2005–present: The Highland Council wards of Alness and Ardross, Brora, Caithness Central, Caithness North East, Caithness North West, Caithness South East, Dornoch Firth, Ferindonald, Golspie and Rogart, Invergordon, Pulteneytown, Rosskeen and Saltburn, Seaboard, Sutherland Central, Sutherland North West, Tain East, Tain West, Thurso Central, Thurso East, Thurso West, Tongue and Farr, Wick, and Wick West.

The constituency was created in 1997 by merging Caithness and Sutherland with an area from Ross, Cromarty and Skye which was abolished.

In 2005 the Westminster constituency was enlarged slightly, to include a small area from Ross, Skye and Inverness West. The rest of the latter was divided between two new constituencies, Ross, Skye and Lochaber and Inverness, Nairn, Badenoch and Strathspey.

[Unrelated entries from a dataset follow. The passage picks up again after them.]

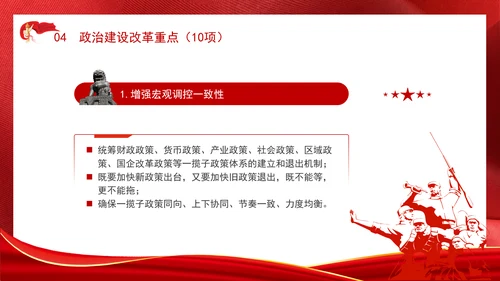 学习二十届三中全会50项改革具体建议ppt课件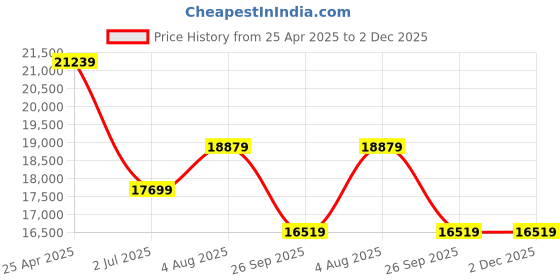 industrybuying.com RS PRO Black EPDM Edging Strip, 20.5 mm Model No 1752582 (1 Roll of 20 m) rs pro Price History Graph from 25 Apr 2025 to 2 Dec 2025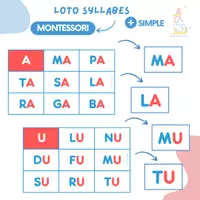 Aperçu - Feuilles d'exercices - 🎓 Kit pédagogique – Jeux autour des syllabes (dès 5 ans) - Page 1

It is also the second-largest UK constituency by area, behind Ross, Skye and Lochaber.

Local government area
See also Politics of the Highland council area
Since it was created in 1997 the constituency has been one of three covering the Highland council area. Since 2005 the other two have been Ross, Skye and Lochaber and Inverness, Nairn, Badenoch and Strathspey. From 1997 to 2005 the other constituencies of the council area were Ross, Skye and Inverness West and Inverness East, Nairn and Lochaber. Caithness, Sutherland and Easter Ross is the most northerly of the constituencies, and it now has the Ross, Skye and Lochaber constituency on its southern boundary.

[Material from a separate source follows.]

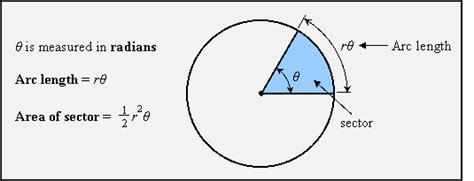 Arcs and Sectors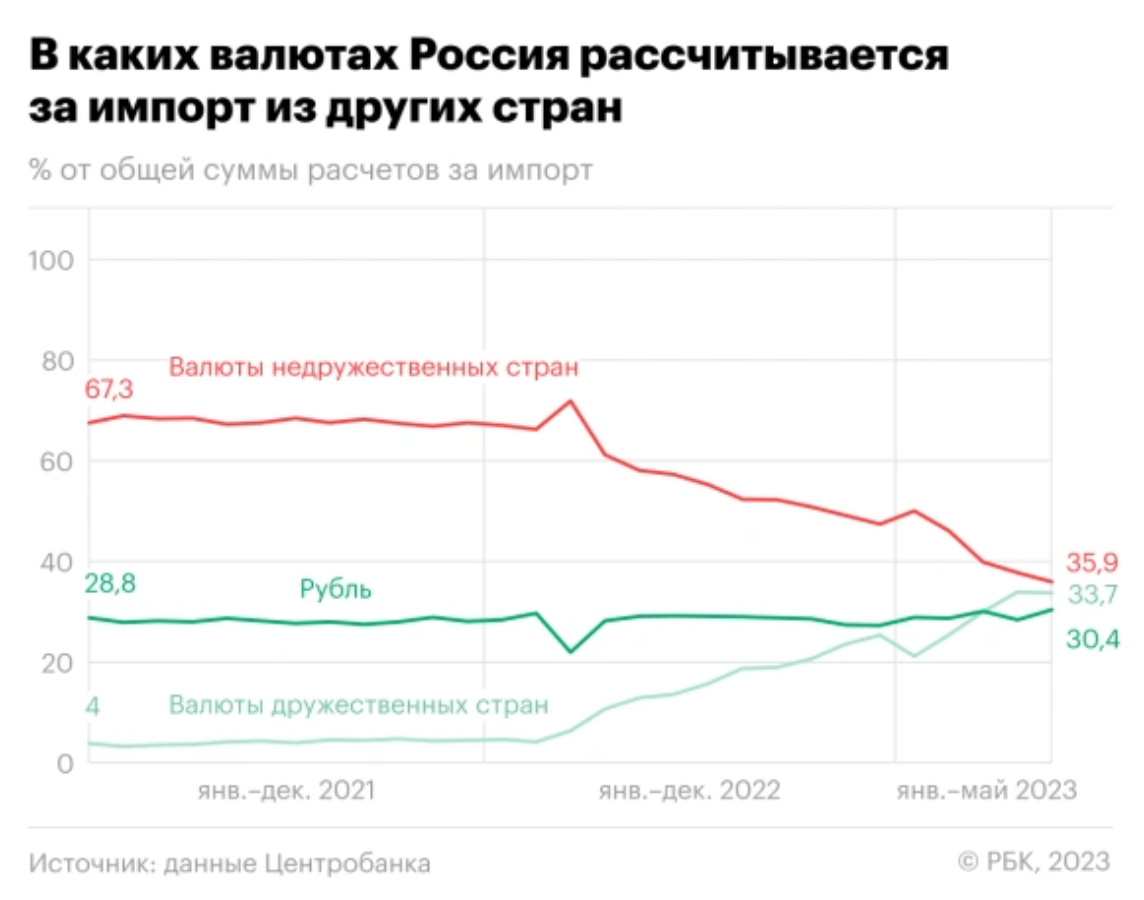 Доля рубля в международных расчетах России стремительно растет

As enlarged in 2005, the Caithness, Sutherland and Easter Ross constituency covered 23 out of the 80 wards of the council area: all ten wards of the Caithness area committee, all six wards of the Sutherland area committee and seven (Alness and Ardross, Invergordon, Ferindonald, Rosskeen and Saltburn, Seaboard, Tain East and Tain West)  out of the 18 wards of the Ross and Cromarty area committee. 

Ward boundaries were redrawn again in 2007, and the management areas were abolished in favour of three new corporate management areas. The new areas consist of groups of the new wards, and boundaries are similar to those of the Westminster constituencies, as defined in 2005. Two areas, the Caithness, Sutherland and Easter Ross area and the Ross, Skye and Lochaber area, have the names of Westminster constituencies. The name of the third area, the Inverness, Nairn, and Badenoch and Strathspey area, is very similar to that of the third constituency.

Scottish Parliament
In 1999 a Scottish Parliament (Holyrood) constituency was created with the name and boundaries of the Westminster constituency.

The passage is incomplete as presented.